To listen to the sermon, click the play button: To download, right click on the link (or do whatever you do on a Mac) and save it to your computer: Download Lent Part 3

LENT #3: SOLITUDE

1 And Jesus, full of the Holy Spirit, returned from the Jordan and was led by the Spirit in the wilderness 2 for forty days, being tempted by the devil.

(Luke 4:1-2, ESV)

I want to remind you that we are not doing our normal verse-by-verse exposition of this Bible passage. Instead, this is a topical series, centered around the season of Lent, and using Luke 4:1-13 as a kind of jumping off point to consider various spiritual disciplines that go along with Lent, and also certain temptations. So, for instance, this time we will talk about solitude. I don’t mean to imply that the spiritual discipline of solitude is one of the main concerns of Luke 4:1-13 – though obviously, Jesus was alone for forty days, that isn’t the main point Luke is making. However, also obviously, Jesus was alone, and there are other Bible verses about solitude, and so we’ll use the event of Jesus’ solitude here as a starting point for thinking about the spiritual discipline of solitude.

I promise you, we will get to verses 3-13 before Lent is over! I didn’t actually plan it this way (I wish I was that smart) but this is turning out to be a sermon series about finding grace in unexpected ways. We’ve talked about the unforeseen grace of suffering. Last time, we considered the unanticipated grace of being hungry – where we talked about fasting.  Today we will look at one more surprising way to encounter God’s grace – through solitude.

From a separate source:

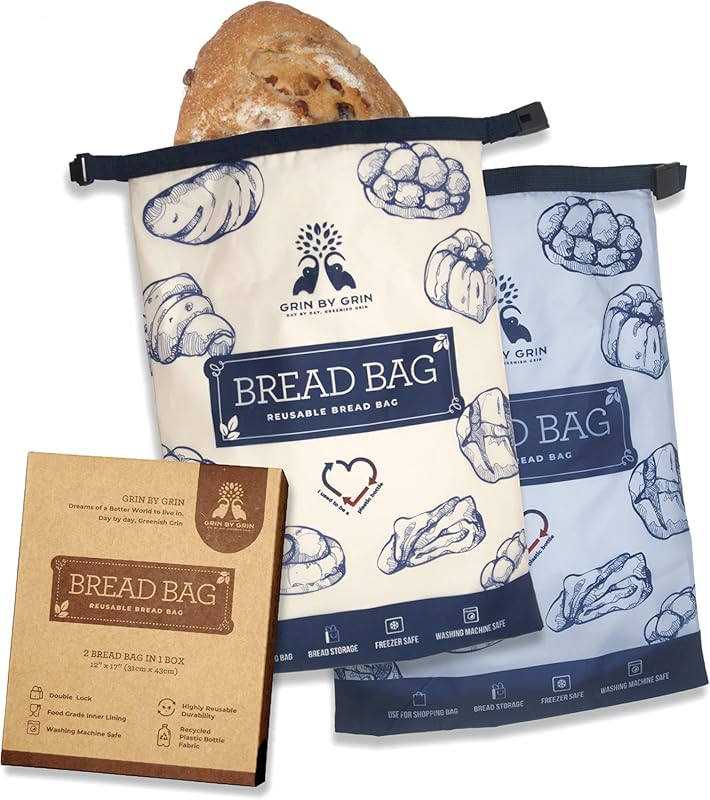 GRIN BY GRIN 2 Pack Reusable Zipper Bread Bags for Homemade Sourdough,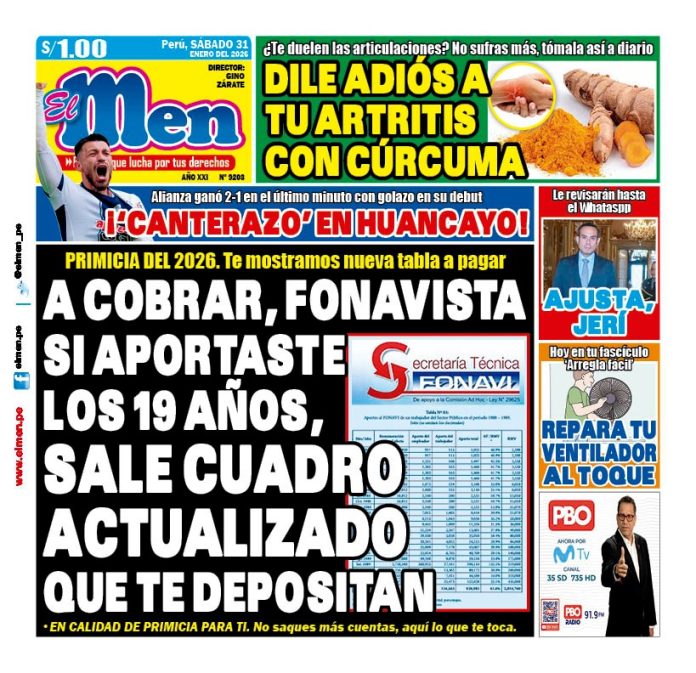 Portada Diario El Men (31/1/2026)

So, as mentioned, Jesus spent forty days alone at the beginning of his ministry. Just in case we might say “well, it doesn’t explicitly say there was no one else there,” Mark gives us these details:

12 The Spirit immediately drove him out into the wilderness. 13 And he was in the wilderness forty days, being tempted by Satan. And he was with the wild animals, and the angels were ministering to him.

(Mark 1:12-13, ESV)

Being with the wild animals did not mean that he had a pack of friendly wolves keeping him warm at night. Prior to the middle of the 20th century, most humans around the globe considered wild beasts to be a huge threat to human life and flourishing. To readers in the first century, the mention of wild animals meant deadly danger and terror. To be with the wild animals meant that he was utterly alone with all the perils that exist apart from the help of other human beings. Mark mentions the angels that ministered to him, but Luke and Matthew record that the angels came only after his temptation was finished. Even if the angels were with him the whole time, believing there are unseen spirits sent by God to help you is not the same as having another human being there with you, someone whom you can see and hear and speak with.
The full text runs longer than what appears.